One of the higher-profile members of the board, Johns Hopkins’ Gerald Anderson, expressed confusion about some of the feedback that suggested that setting upper payment limits could, ironically, raise prices on patients. 

This strikes me as a place where there’s a need for more in-depth education (this is where I plug Janssen’s thoughtful report on PDABs as a great resource). The argument here isn’t necessarily simple, but it’s worth laying out. 

First, in a lot of government-backed programs (think Medicaid), patient cost-sharing is already minimal. Changing the upper limit of what payers are charged might save those payers money, but it won’t help patients. So that’s just a matter of being clear about who benefits — and how — from this kind of program. 

Second — and this could be an issue with the IRA, too — PBMs have a bias toward medicines with high prices and high rebates. Upper payment limits would effectively create medicines with lower prices and lower rebates. So it’s possible that PBMs would try to steer patients away from the price-controlled medicines toward higher-rebate products … including by putting the “cheaper” products on formulary tiers with higher cost-sharing. 

If this seems counter-intuitive and unlikely, you and I should probably discuss the current state of biosimilars for insulin or Humira. 

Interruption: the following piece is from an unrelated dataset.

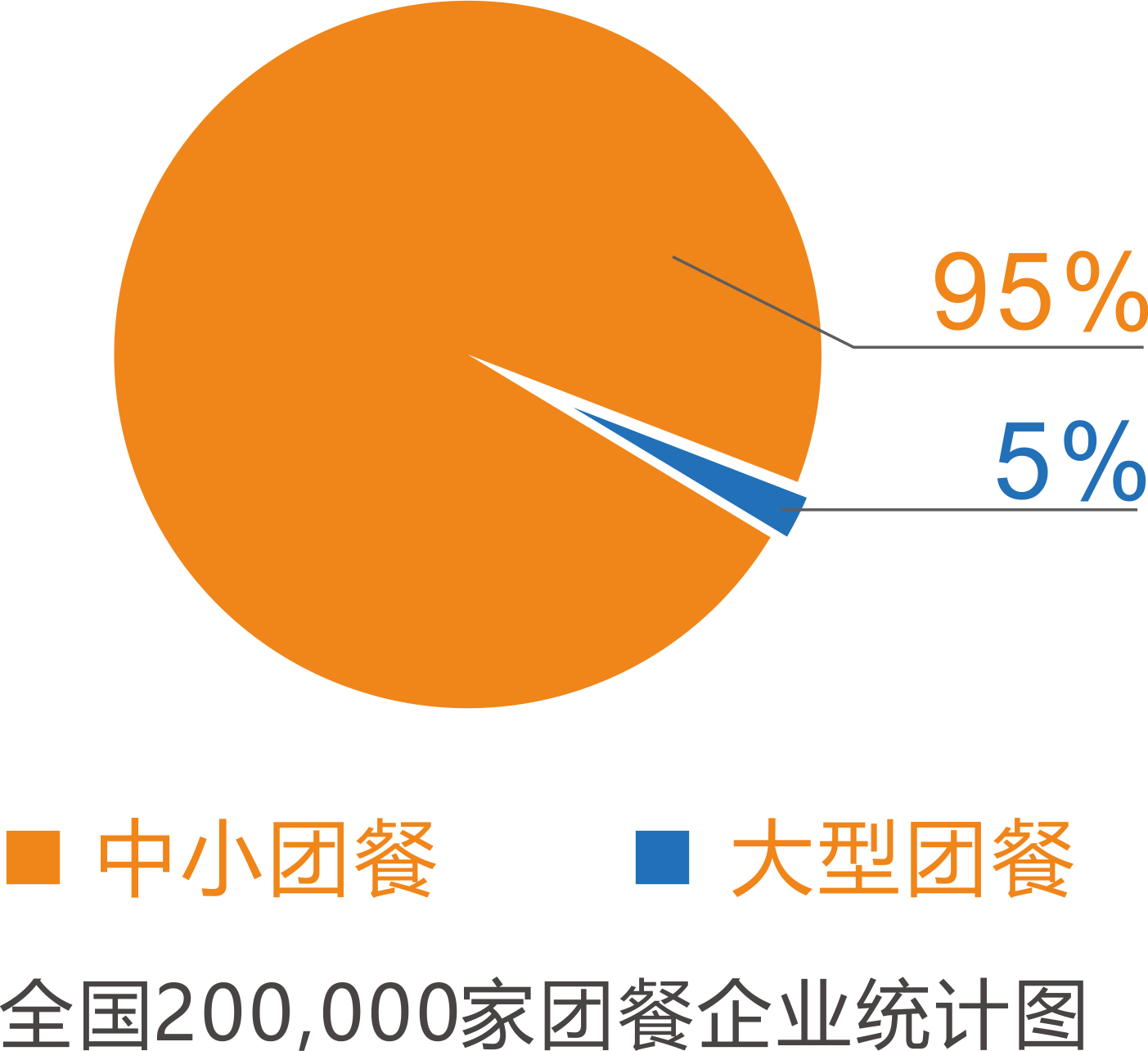 中小团餐企业,多多28国际团餐产业联盟2.0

This BIO.News piece on the impact of the IRA on heart disease drugs summarizes the issues around cardiovascular disease well, including a shout-out to the thoughtful (and under-covered) study last week out of Duke. 

There’s a surprising amount of coverage (e.g. Axios, MedPage) of this study that showed that caps on insulin OOP costs did indeed reduce patient burden, but it didn’t necessarily change utilization. I’m not sure what the null hypothesis was here. My hypothesis is that insulin remains such a lightning rod that pretty much any academic work on the subject of insulin cost will find an audience.